Exercise objective:
All of the records below should be retyped exactly, with no pictures included.
====== Data under study
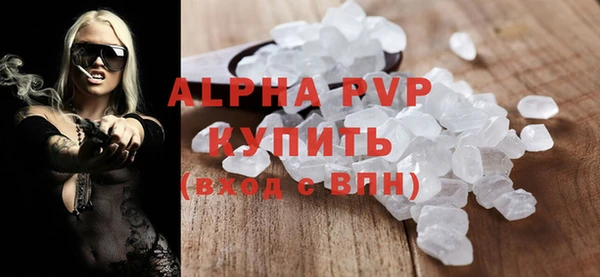 кокаин колумбия Белокуриха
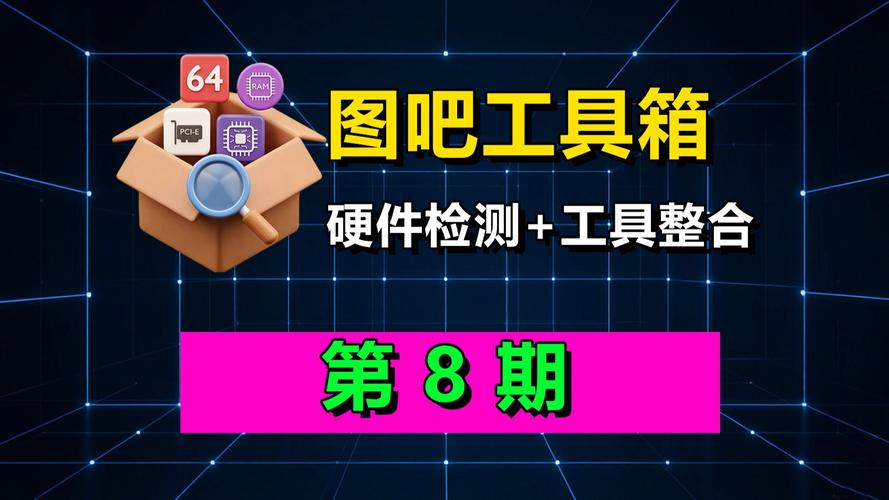 电脑保护色,保护你的硬件设备,避免故障的必备工具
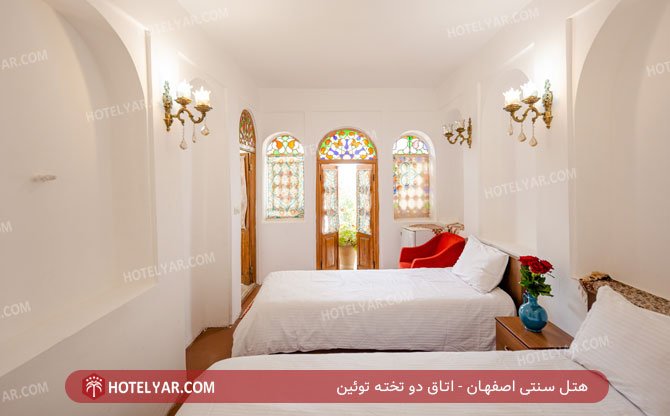 هتل سنتی اصفهان اتاق دو تخته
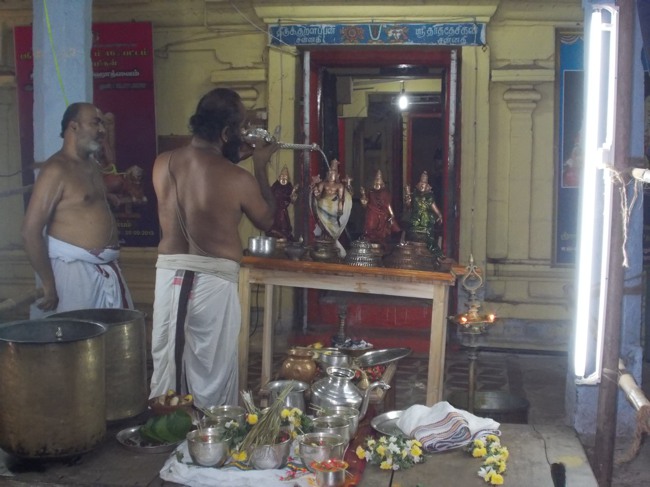 Srirangam THirukurallapan Sannadhi Sravana THirumanjanam  2014--00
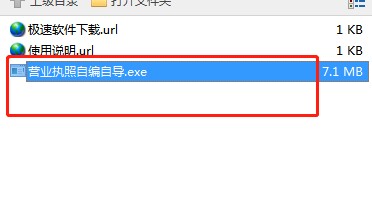 营业执照自编自导下载使用教程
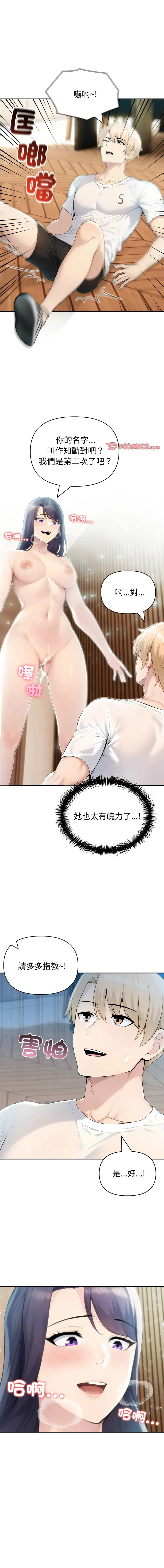 夫妇挑战赛 第31话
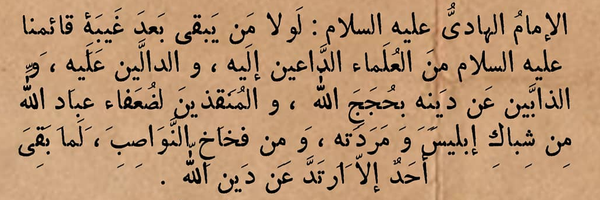 ‌محمد کرمی‌'s header picture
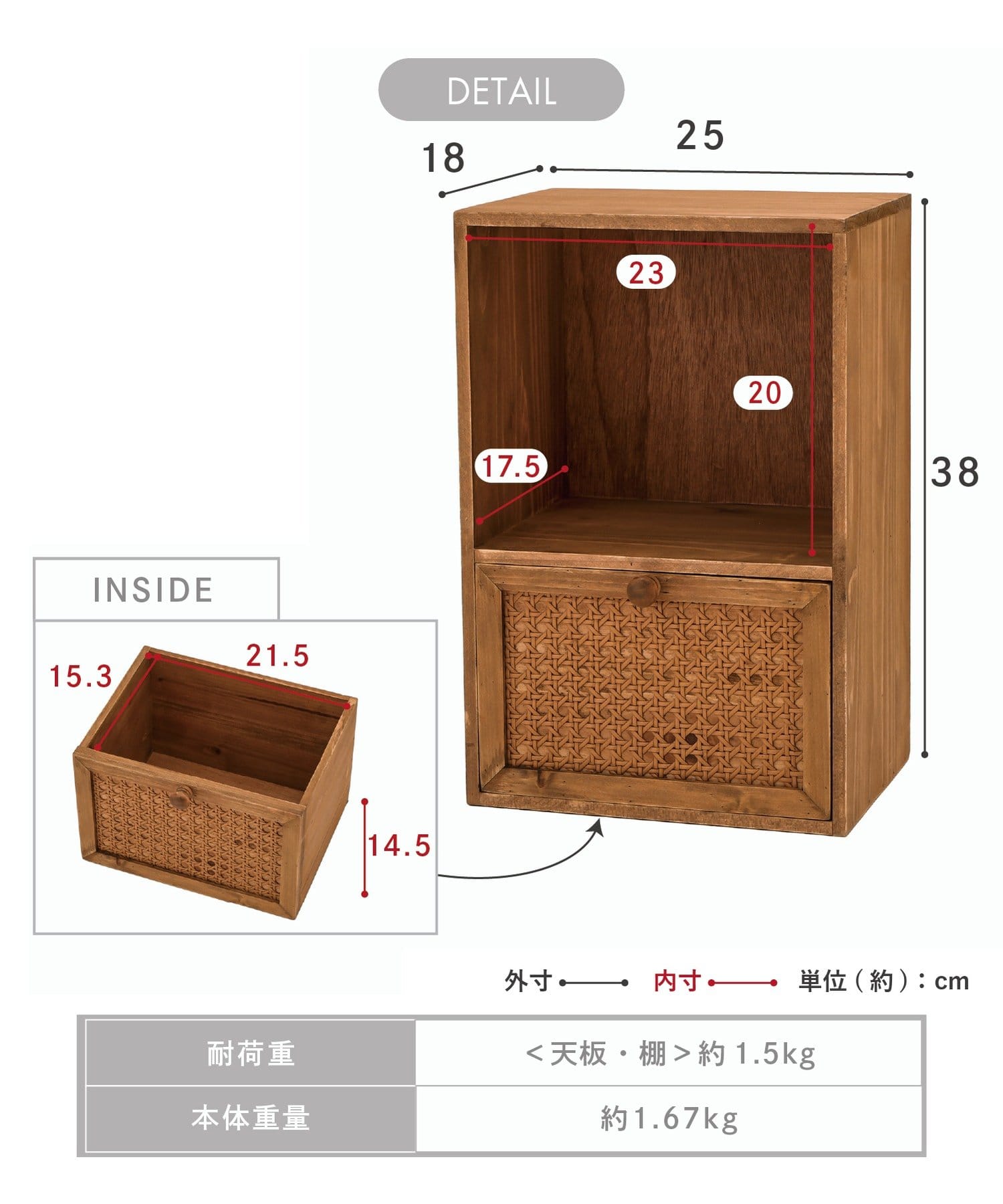 WEB限定商品》ラタンドロワーディスプレイラック | salut
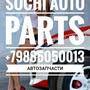 фото Автоцентр Sochi Auto Parts на Авиационной улице 10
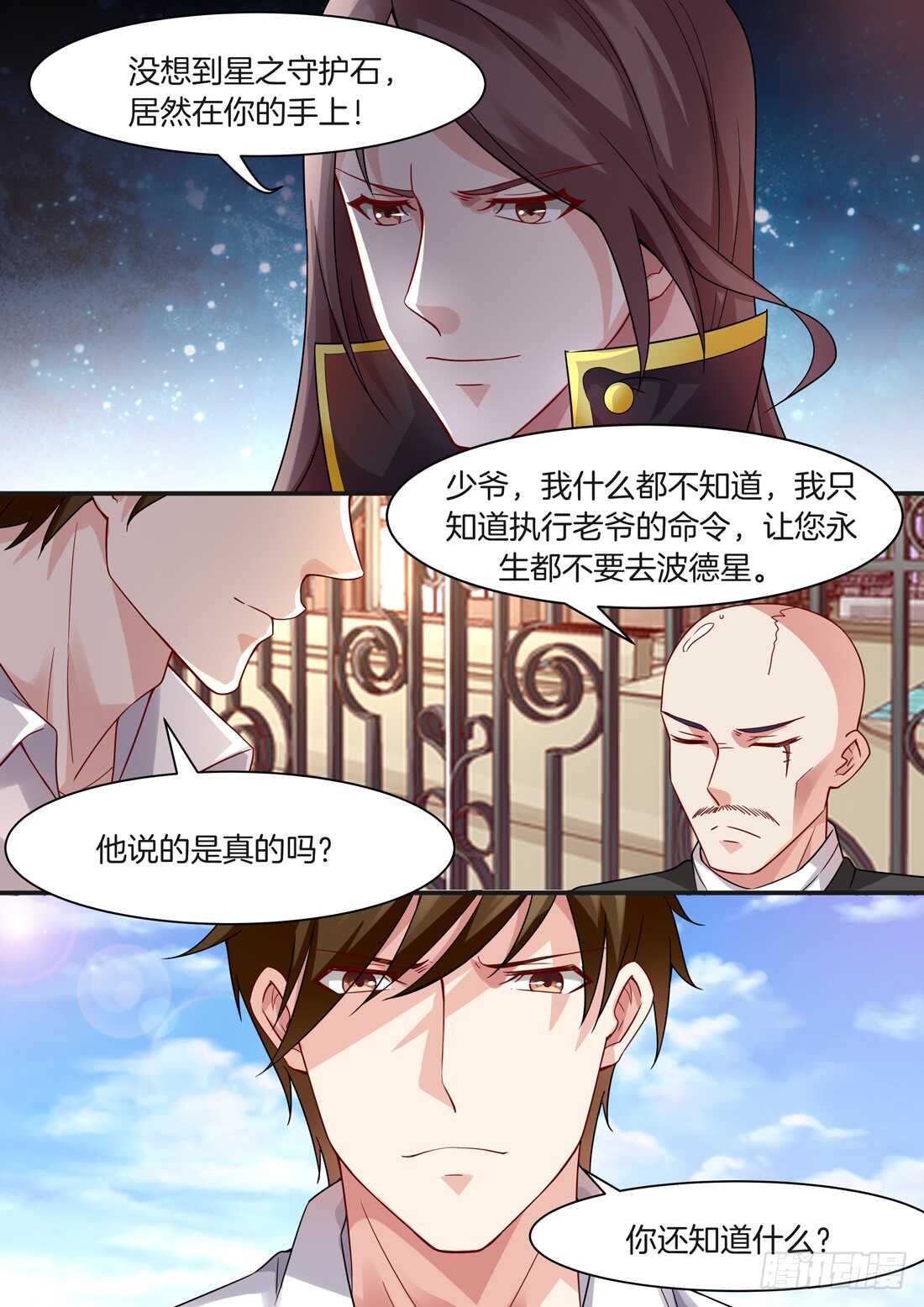 《黑色豪门溺宠小逃妻》第99话 第3页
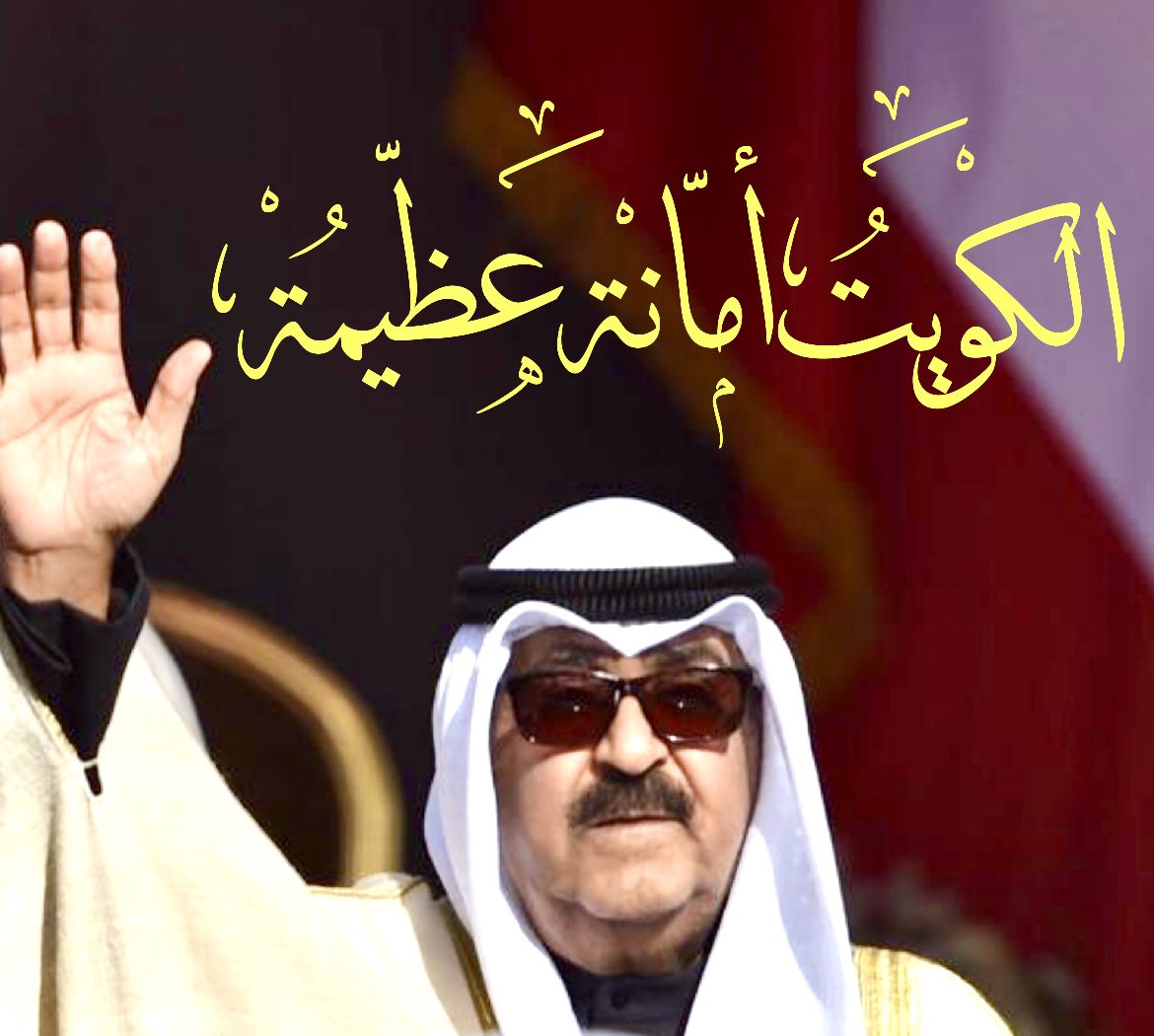 Low Profile 🇸🇦🇰🇼 tweet media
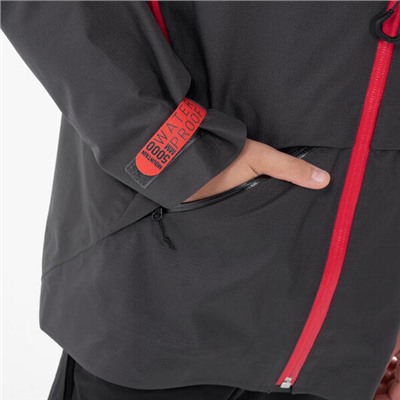 Куртка водонепроницаемая походная для детей черная MH550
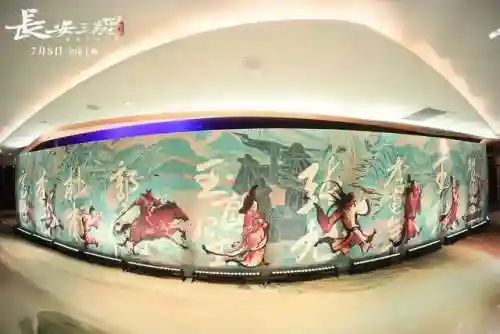 大唐天团阵容搭配推荐(斗罗大陆阵容搭配)插图36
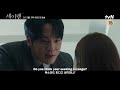 Siren S Kiss 2026 Korean Drama Teaser 2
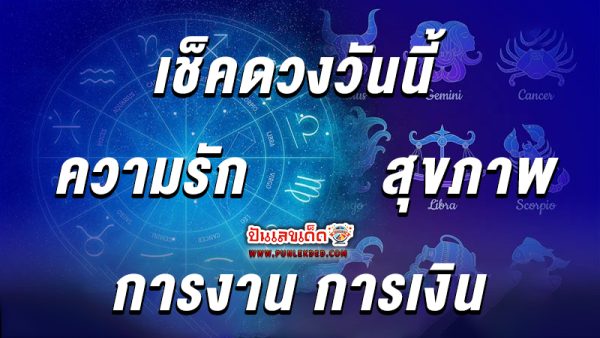 ดูดวงวันนี้ -"Today's horoscope"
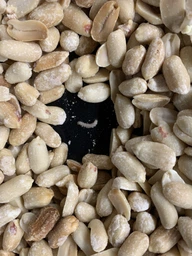 Арахис жареный соленый очищенный орех 200 г Peanut Clear Salted (Pea-Clear-S-R-200)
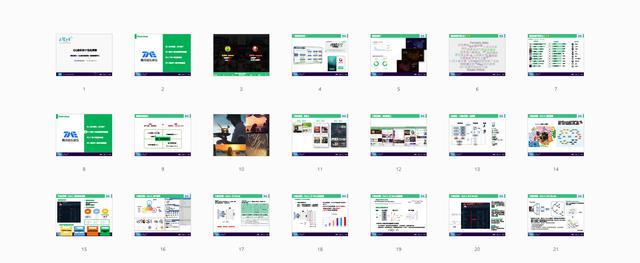 网易竞争对手，腾讯QQ音乐PPT长什么样？网友：这3点设计有点酷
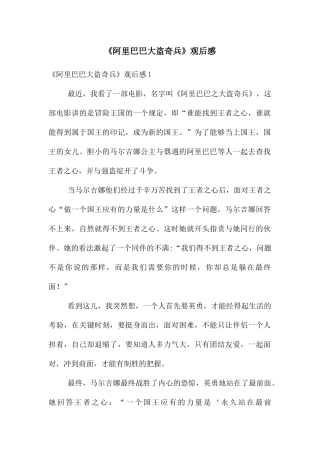 《阿里巴巴大盗奇兵》观后感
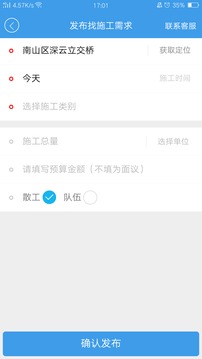 叮叮易建截圖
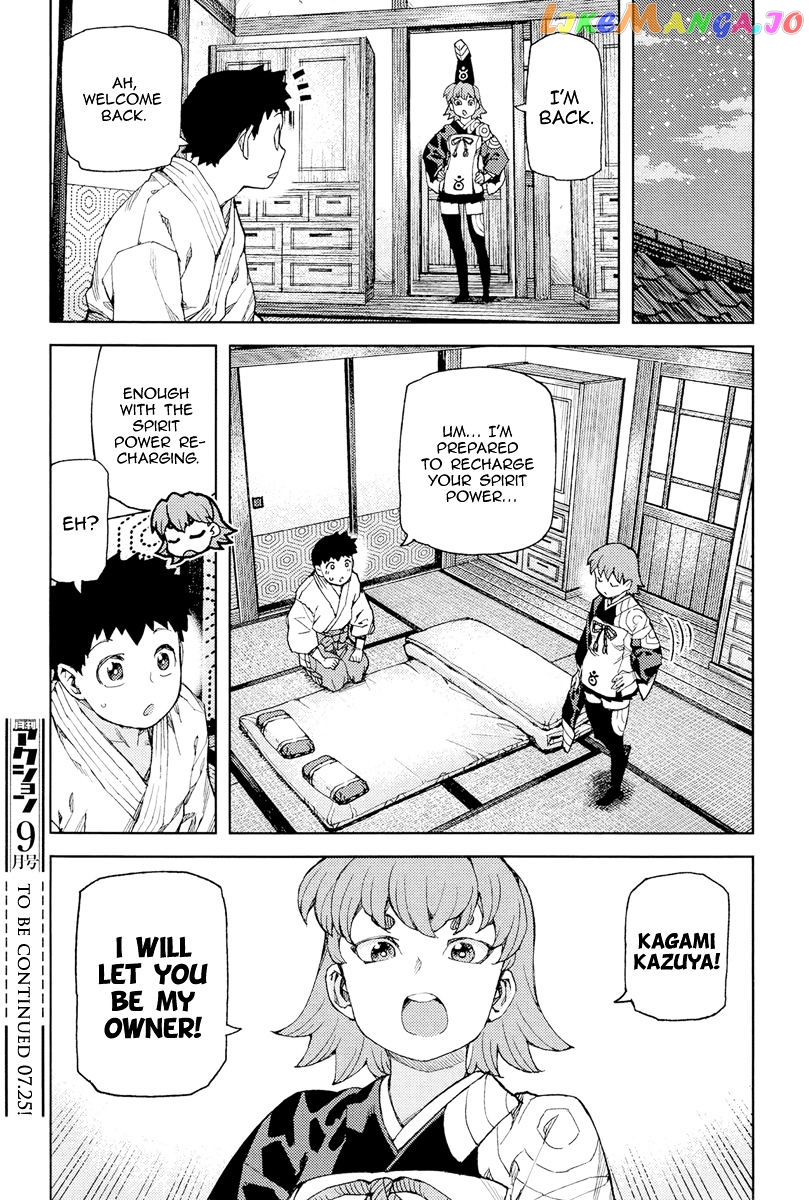 Tsugumomo - Manga chapter 91 - page 29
============
Task answer:
 кокаин колумбия Белокуриха
 电脑保护色,保护你的硬件设备,避免故障的必备工具
 هتل سنتی اصفهان اتاق دو تخته
 Srirangam THirukurallapan Sannadhi Sravana THirumanjanam  2014--00
 营业执照自编自导下载使用教程
 夫妇挑战赛 第31话
 ‌محمد کرمی‌'s header picture
 WEB限定商品》ラタンドロワーディスプレイラック | salut
 фото Автоцентр Sochi Auto Parts на Авиационной улице 10
 《黑色豪门溺宠小逃妻》第99话 第3页
 Low Profile 🇸🇦🇰🇼 tweet media
 Куртка водонепроницаемая походная для детей черная MH550
 大唐天团阵容搭配推荐(斗罗大陆阵容搭配)插图36
 Siren S Kiss 2026 Korean Drama Teaser 2
 ดูดวงวันนี้ -"Today's horoscope"
 Арахис жареный соленый очищенный орех 200 г Peanut Clear Salted (Pea-Clear-S-R-200)
 网易竞争对手，腾讯QQ音乐PPT长什么样？网友：这3点设计有点酷
 《阿里巴巴大盗奇兵》观后感
 叮叮易建截圖
 Tsugumomo - Manga chapter 91 - page 29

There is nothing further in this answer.